Game analytics plays a central role in understanding how people interact with digital environments. By examining patterns in player activity such as a player's session frequency, duration, and engagement levels, we can further research about human behavior and AI to better predict resource allocation and user engagement. Since this server is an active research project rather than a commercial game, understanding player behavior and activity levels is essential so they can plan server hardware, storage, and data-processing resources effectively. Specifically, being able to identify which players engage the most with the game can support targeted recruitment and improved strategies for maintaining long-term engagement



This leads us to the central question of this project:

**Can player characteristics predict the total number of hours a player spends on the server?**

We will use **experience**, **gender**, and **Age** as explanatory variables to predict the response variable **played_hours**. These predictors were chosen because they are the only available player characteristics that could reasonably influence engagement patterns and help explain differences in total time spent on the server.

This project uses two datasets from the Minecraft research server: **players.csv** and **sessions.csv**.  
The **players** file contains 196 rows and 7 variables describing each participant, and the **sessions** file contains 1,535 rows documenting every recorded session.  
Below is a concise summary of all variables.
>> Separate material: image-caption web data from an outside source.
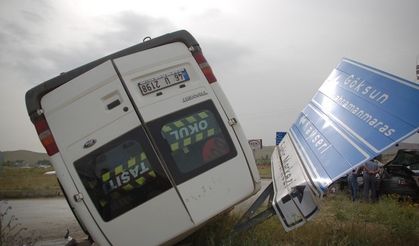 Kahramanmaraş'ta Öğrenci servisi ile otomobil çarpıştı: 15 yaralı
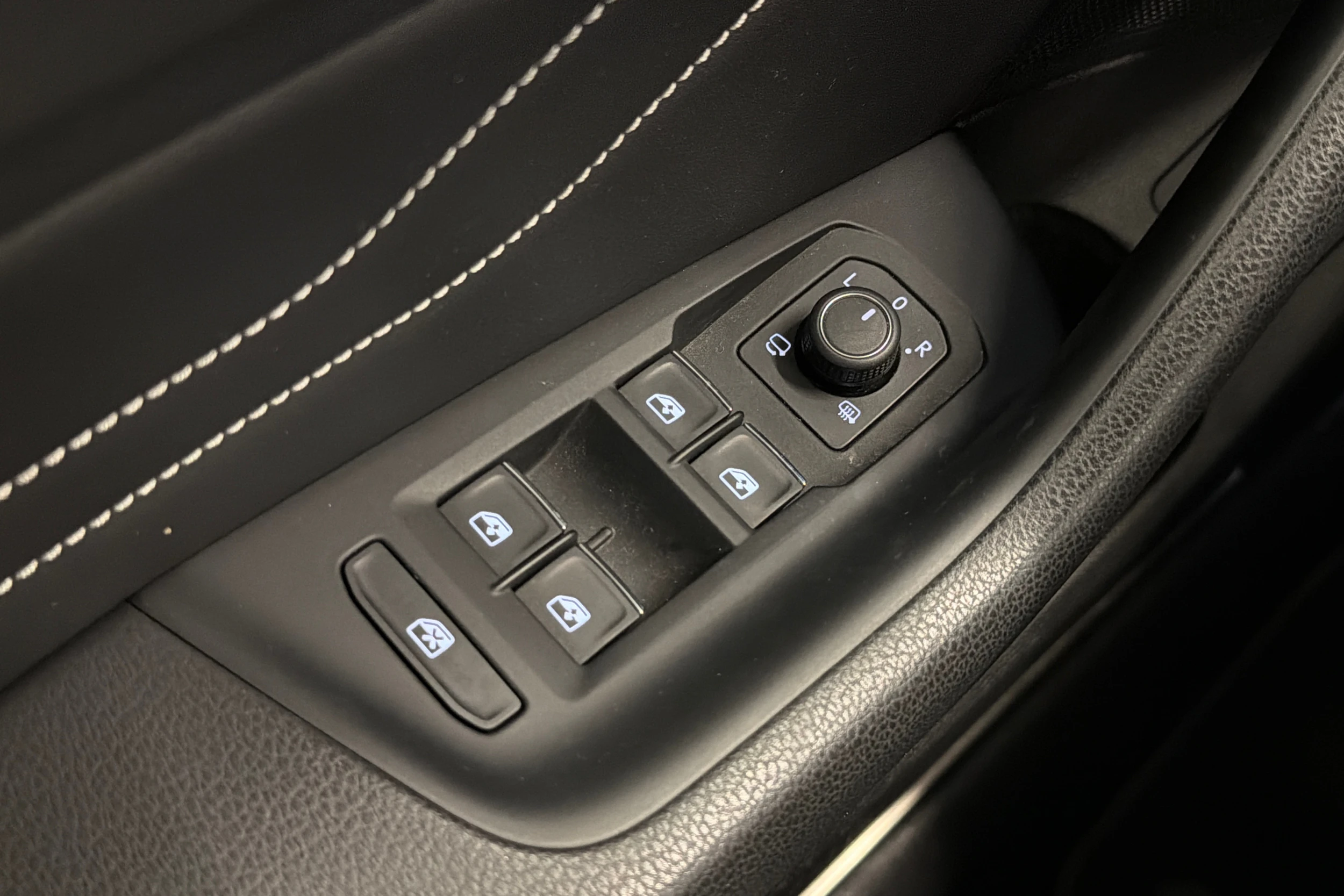 valkoinen Volkswagen Passat 2020 kuva 21.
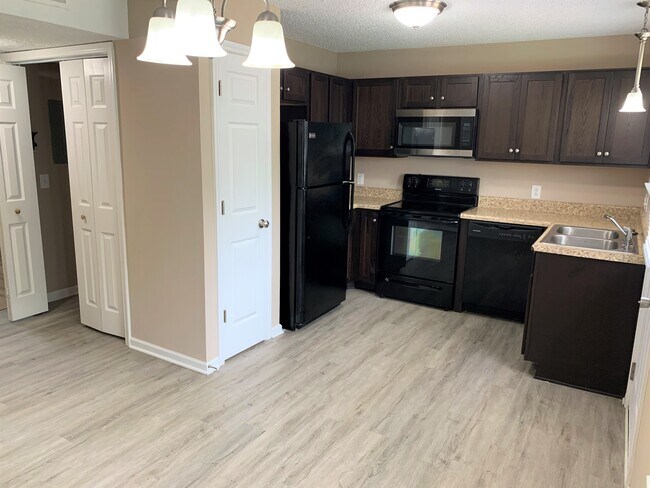 Kitchen - 137 Colemont Dr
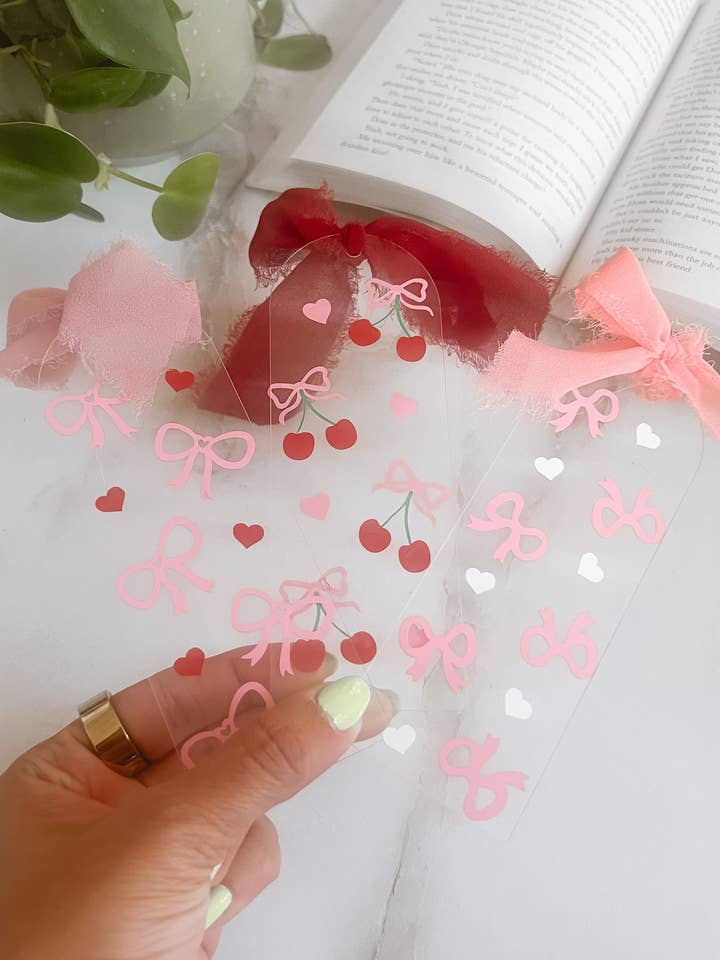 Marcapáginas de Acrílico con Lazo Coqueto y Cereza Rosa para venta al por mayor de NVDSIGNZ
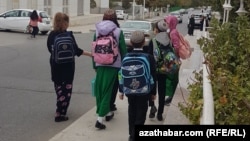 Okuwa barýan çagalar.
## Variables in `players.csv`

- **Age** – numeric, with 2 missing values  
- **gender** – categorical  
- **experience** – ordered categorical skill level  
- **played_hours** – numeric lifetime Minecraft hours (highly skewed)  
- **subscribe** – logical indicator of newsletter subscription  
- **name** – string player nickname  
- **hashedEmail** – string identifier used to link datasets  


## Variables in `sessions.csv`

- **start_time** – readable start timestamp  
- **end_time** – readable end timestamp, with 2 missing values  
- **original_start_time** – Unix start timestamp  
- **original_end_time** – Unix end timestamp  
- **hashedEmail** – player identifier linking to `players.csv`

## Issues and Notes

- Some missing values in both datasets  
- Large variation in lifetime hours and number of sessions per player  
- Self-reported values may include bias  
- Session logs may be incomplete or uneven  
- Voluntary participation may introduce selection bias  

By joining these tables on **hashedEmail**, we can link player characteristics to their session histories and total hours played, allowing us to build and evaluate predictive models.